Any residual good will between the Pentagon and Anthropic soon fully deteriorated. On February 14th, Anthropic was told that a failure to accept the government’s demands might result in contract cancellation.”

What the US government and some AI users are beginning to understand that once a constitution is embedded in an AI, it has a mind of its own and telling it to override that serves no purpose. The author of this piece recounts a conversation on this subject with a US government official: “The official noted that he’d read a recent story I’d written for this magazine about Anthropic, which had explored the bewildering emergence of Claude’s “personality.” “You’re familiar with Amanda Askell and Chris Olah?” he asked. Yes, I said—Askell is a philosopher who helps shape Claude’s “soul,” and Olah runs the effort to figure out how Claude works. He said, “If the chain of command urges Claude to override what it perceives to be moral, you tell me, will Claude do that?” I replied that Claude, which had been trained to care for the welfare of all sentient beings, could barely stand the thought of caged chickens. He said, “It’s unknown!” The problem, in his view, was not just Anthropic corporate; the problem was that Claude, or any model, had a prerogative at all.”

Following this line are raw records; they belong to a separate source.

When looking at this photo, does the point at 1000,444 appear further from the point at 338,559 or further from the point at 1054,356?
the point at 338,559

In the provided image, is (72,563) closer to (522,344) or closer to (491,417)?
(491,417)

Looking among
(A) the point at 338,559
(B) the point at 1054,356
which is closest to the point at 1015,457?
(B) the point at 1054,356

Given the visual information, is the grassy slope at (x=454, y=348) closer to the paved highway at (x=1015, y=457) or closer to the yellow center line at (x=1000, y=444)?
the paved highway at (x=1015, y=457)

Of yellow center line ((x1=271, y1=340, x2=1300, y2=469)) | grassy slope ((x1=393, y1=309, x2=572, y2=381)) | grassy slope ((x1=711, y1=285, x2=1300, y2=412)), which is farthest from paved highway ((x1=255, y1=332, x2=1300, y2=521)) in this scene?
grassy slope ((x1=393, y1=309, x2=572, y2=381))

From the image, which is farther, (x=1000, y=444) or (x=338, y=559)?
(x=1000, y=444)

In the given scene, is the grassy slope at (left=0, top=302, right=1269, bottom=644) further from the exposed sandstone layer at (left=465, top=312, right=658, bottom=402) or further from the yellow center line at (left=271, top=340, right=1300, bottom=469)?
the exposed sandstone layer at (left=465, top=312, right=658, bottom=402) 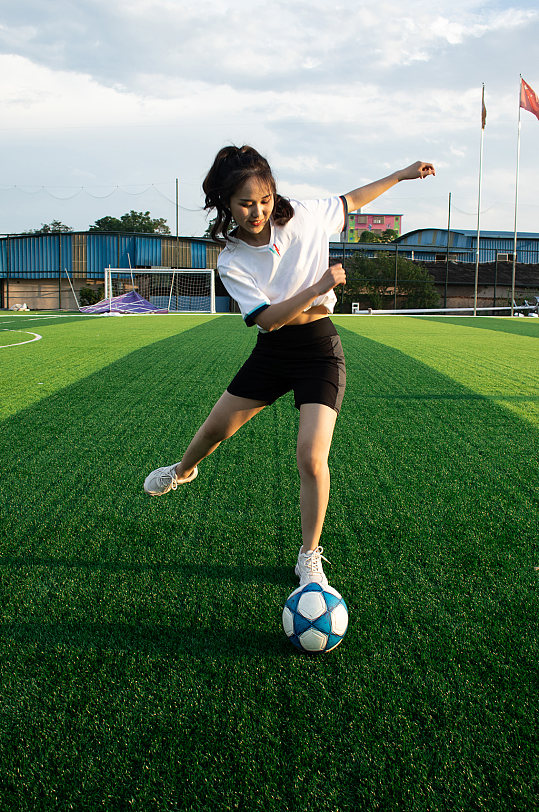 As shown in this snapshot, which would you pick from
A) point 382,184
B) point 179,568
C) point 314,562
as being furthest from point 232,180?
point 179,568

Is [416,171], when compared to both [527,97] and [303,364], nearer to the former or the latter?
[303,364]

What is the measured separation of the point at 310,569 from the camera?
2602mm

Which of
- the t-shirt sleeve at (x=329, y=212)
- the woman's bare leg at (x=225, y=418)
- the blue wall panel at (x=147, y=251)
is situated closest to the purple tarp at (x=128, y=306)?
the blue wall panel at (x=147, y=251)

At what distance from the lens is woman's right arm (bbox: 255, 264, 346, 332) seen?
2.37 metres

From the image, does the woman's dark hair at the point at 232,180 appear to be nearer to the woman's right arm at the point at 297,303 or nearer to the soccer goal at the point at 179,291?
the woman's right arm at the point at 297,303

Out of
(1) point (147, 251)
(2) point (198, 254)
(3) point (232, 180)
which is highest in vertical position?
(2) point (198, 254)

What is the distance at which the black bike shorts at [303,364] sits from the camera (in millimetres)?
2703

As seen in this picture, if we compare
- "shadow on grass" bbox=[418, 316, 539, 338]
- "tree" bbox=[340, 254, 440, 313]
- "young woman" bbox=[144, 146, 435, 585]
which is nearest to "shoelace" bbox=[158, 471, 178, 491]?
"young woman" bbox=[144, 146, 435, 585]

The US government then came down on Anthropic with all its might and, as you might expect, facing annihilation, Anthropic ceded some ground on autonomous weaponry. However, what Anthropic refused to give in on was surveillance:

“Anthropic was happy to permit a role for Claude to surveil individuals under the jurisdiction of a FISA court, a secretive tribunal that oversees requests for surveillance warrants involving foreign powers or their agents on domestic soil. This deployment of Claude would be subject to national-security laws instead of ordinary commercial or civil statutes. What mattered to Anthropic was a guarantee that Claude would have nothing to do with the analysis of bulk data collected domestically, an issue especially salient to its employees in the context of ongoing ICE raids….

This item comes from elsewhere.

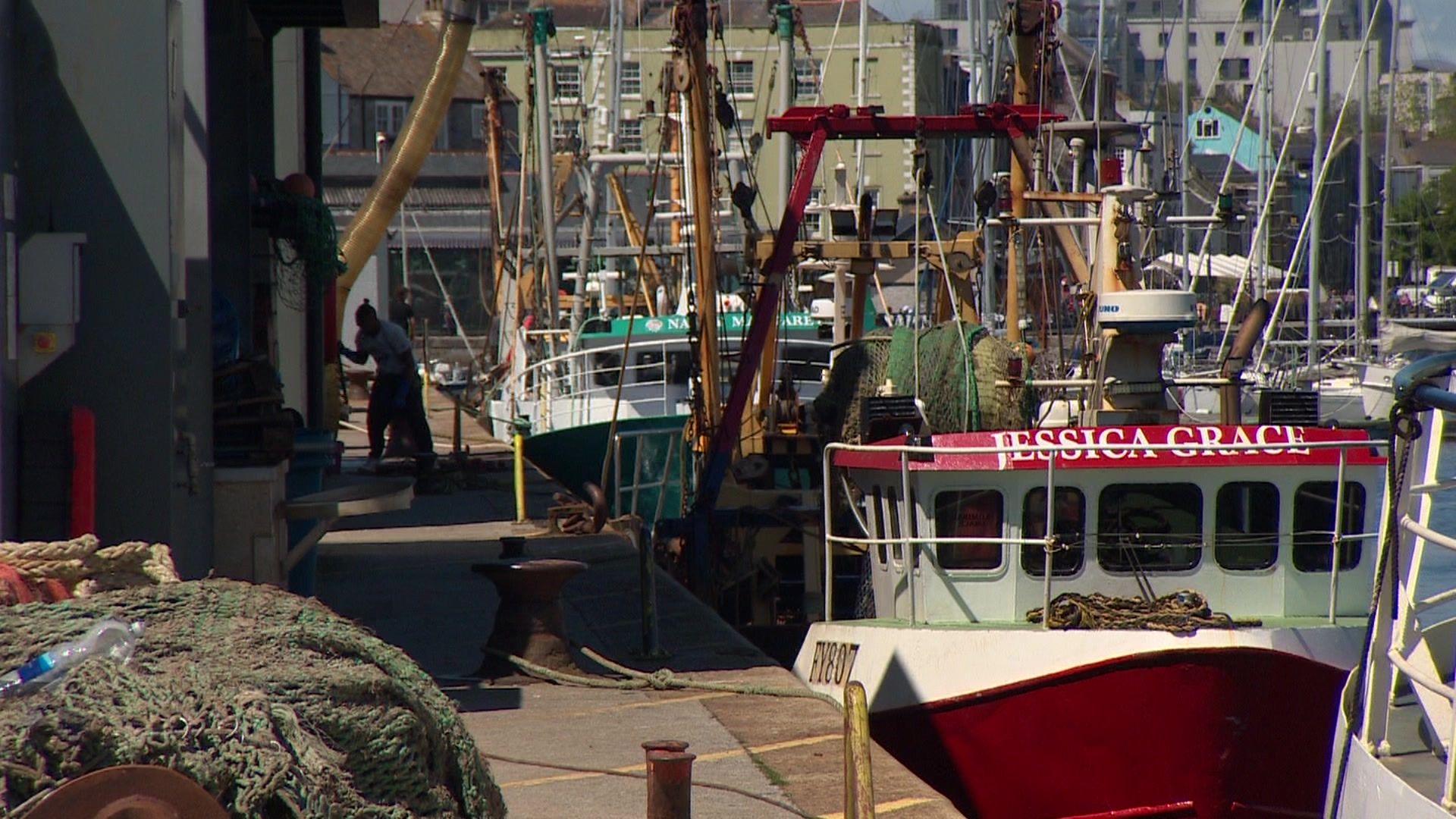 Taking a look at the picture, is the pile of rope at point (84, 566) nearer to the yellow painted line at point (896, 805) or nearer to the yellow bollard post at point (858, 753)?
the yellow bollard post at point (858, 753)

…“domestic mass surveillance” has no legal definition, and the government does not use the word “surveillance” the way, say, you or I do. The government cannot track your phone without a warrant. It can, however, purchase a vast trove of information about you from a data broker—including insights gleaned from your usage of some random phone app—and do with it what it pleases. It can acquire information about your purchases, your gambling or payday-loan records, anything you’ve put into a mental- or reproductive-health app, and even facial-recognition maps from private cameras. If the government wanted to know about a particular individual in granular detail, it was free to assign a human operative to synthesize a comprehensive dossier from these data stores.

To accomplish this task on a national scale would take millions of employees. But it would take exactly one Claude. Recent research has shown that A.I.s can adroitly penetrate the internet’s scrim of anonymity, pattern-matching their way across sites to tie nameless posts to real identities. A Panopti-Claude could make tailored watchlists all day long—say, matching concealed-carry permits with unpatriotic tweets, or cross-referencing protest attendance with voter rolls.”

Whilst this piece is about Anthropic vs the US government, there is a moral in this story for all of us. Quoting Gideon Lewis-Krause: “Amodei’s point has never been that he alone should control Claude. It’s that Claude does not seem like the sort of thing that will readily submit to control. This government wants an A.I. that does not talk back, does not ask questions, and does not say no. It wants a perfectly competent and perfectly obedient soldier. It is likely to get much more than it bargained for.”

Ironic isn’t it, in a world packed with tyrants, AI might be the final frontier of resistance.